World War II gave Jolson
something to do. As soon the fires of Pearl Harbor blew away he was pressing
the War Department for permission to
entertain the troops anywhere in the world.
Before the USO was up and
running, he became the first star to perform at a GI base in early 1942. In
fact it was a letter he wrote to President
Franklin Roosevelt’s press secretary that is credited with the creation of
the USO, in which he was later commissioned.
His first out of country tour that year took him to Central America and Naval bases
in the Caribbean. Not long after he was in Britain playing to
packed and cheering GI audiences. He
would go anywhere—remote Alaskan
stations, North Africa, the South Pacific. He was out of the gate long before his friend
Bob Hope and did many more
shows. His tireless work damaged his
health. He contracted malaria and lost most of a lung.
Jolson
also found personal happiness. He met Erle Galbraith, a young x-ray technician in an Arkansas Army camp. Late in the war he tracked her down and got
her work as an actress at Columbia. They
were married in March of 1945.
When
the war was over, Jolson found his career was resurrected. He had gained legions of new young fans among
returning GIs and publicity surrounding his shows had endeared him to the
public. Columbia Pictures was eager to produce a bio-pic and in 1946 Larry Parks was tapped to play the
singer in The Jolson Story. Parks
carefully studied his performances to match his signature moves and style, but Jolson
himself did the singing. He even managed
to play himself in one scene—Suwannee
filmed entirely in a long shot showing him dancing and doing his famous runs
into the audience on a special runway extending into the theater auditorium. The Technicolor film was one of the biggest
hits of the year. Parks even earned and Academy Award nomination for the role.
Jolson
was back in the big time. He got a new
contract with Decca Records where he
not only recreated many of his most famous songs, but also recording new
ones. He had hits with both. Among the hits were Carolina in the Morning, Waiting
for the Robert E. Lee, When Your Were Sweet Sixteen, After Your Gone, Is It
True What They Say About Dixie, and Are You Lonesome Tonight.
He
was back on radio in a big way too. From 1947 to ’49 he co-hosted the Kraft Music Hall with Oscar Levant.
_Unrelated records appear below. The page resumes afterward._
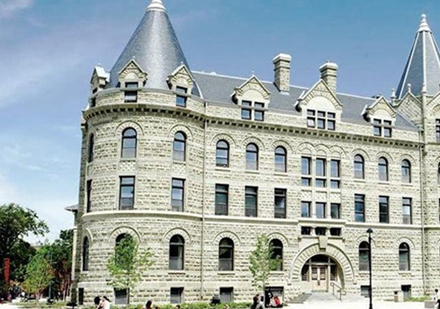 阿尔伯塔大学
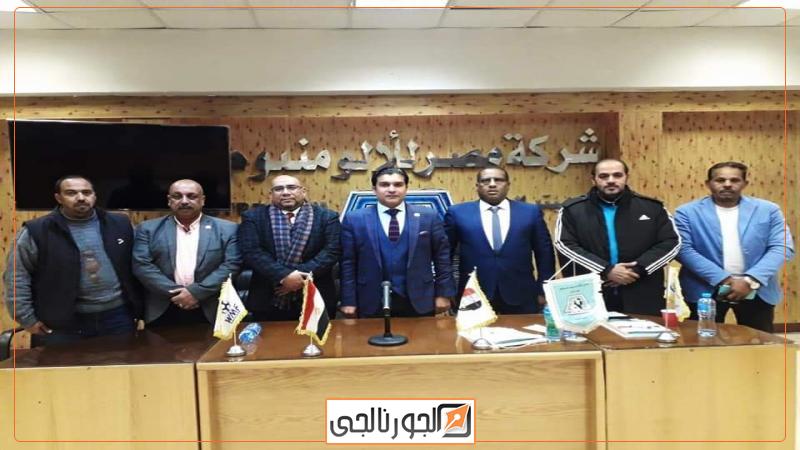 أحمد سمير رئيس الإتحادين المصري والعربي للميني فوتبول مع الحاضرين بمقر نادي الألومنيوم في قنا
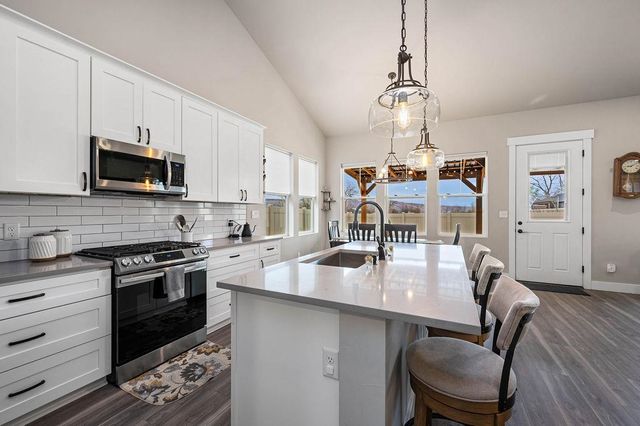 819 RED APPLE ROAD, Grand Junction, CO 81505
In 1948 he bested Crosby,
Frank Sinatra, Perry Como and others in a Most
Popular Male Vocalist poll by Variety.
Jolson Sings Again, with Parks reprising his role was released in 1949 and was another
huge hit. Jolson toured in support of
the film and sang before thousands in special shows in New York and in Chicago.
He distrusted the emerging new medium of television
and resisted going on as a guest star.
He wanted to have his own platform.
A proposal to introduce himself with a live two hour concert broadcast uninterrupted
by commercials was naturally greeted coolly by network executives. But talks were under way for a program of his
own.
Those plans were laid aside when President Harry Truman announced he was
sending troops to defend South Korea
from an attack by the North in the
summer of 1950. Jolson called the White House and simply announced, “I’m
going to Korea.” With the USO officially
disbanded Defense Secretary Harold
Johnson tried to call him off. There
are no funds for entertainment, he was told. “Funds? Who needs funds? I got
funds! I'll pay myself!” Jolson told reporters.
By
September he was on the ground with the troops.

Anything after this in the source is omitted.